The Labour Government isn't doing enough to support small firms in the UK, according to Brian Pursey, Managing Director of the Cheltenham-based financial back office solutions provider Oriel.

“Budget fails small businesses”Corner

Alistair Darling announced improvements to the Small Firms Loan Guarantee Scheme and increased the limits for EIS investment and share option schemes.

"These only help a small proportion of firms, whereas all small businesses will be hit by the increase in corporation tax for small businesses from 19% to 20% that comes into effect this year, with further increases to come," says Brian in respect of the changes which were announced previously. Brian also adds that the changes in Capital Gains Tax (CGT) to a single rate of 18% is a good move as it reduces significant complexity. However, the change will be a negative one for small firms which previously enjoyed lower rates.

"More could and should have been done to help small companies through what will be a difficult economic period" says Brian. "Although the basic principle of creating a global rate through the CGT is fundamentally correct, the workings and overall effects over the long term have not been fully thought through. This, combined with previous taxes introduced, will negatively affect smaller companies and their bank balances."

Another area of the Budget that has not been thought through by the Government says Brian, is the introduction of a review on the long-term fixed rate mortgage.
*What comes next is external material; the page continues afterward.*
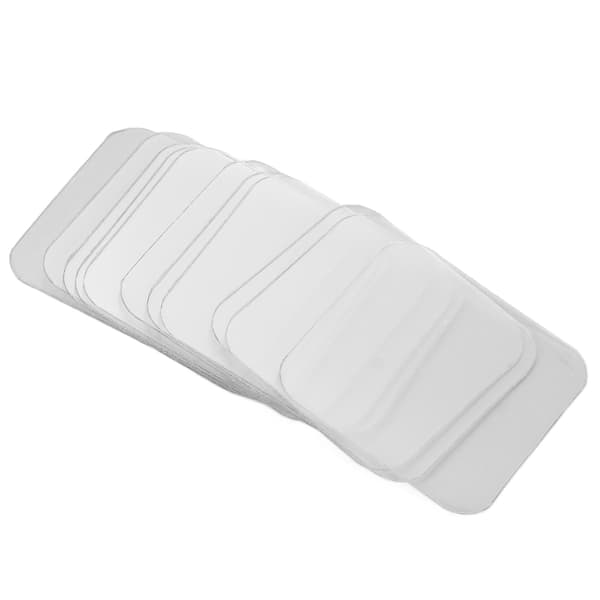 20 Pcs Double Sided Tape Square Washable Portable Transparent Fixing Tape for Perfume Bottle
"This was something Gordon Brown announced in 2004, and was not successful. The truth is that the marketplace does not suit this type of mortgage rate as consumers will always go for short term products which seem more attractive. The further review will achieve little."

"Overall, the Government has its hands tied" says Brian. "This Budget has concentrated on low value measures as the stealth tax rises over the years have eliminated the Government's room for manoeuvre."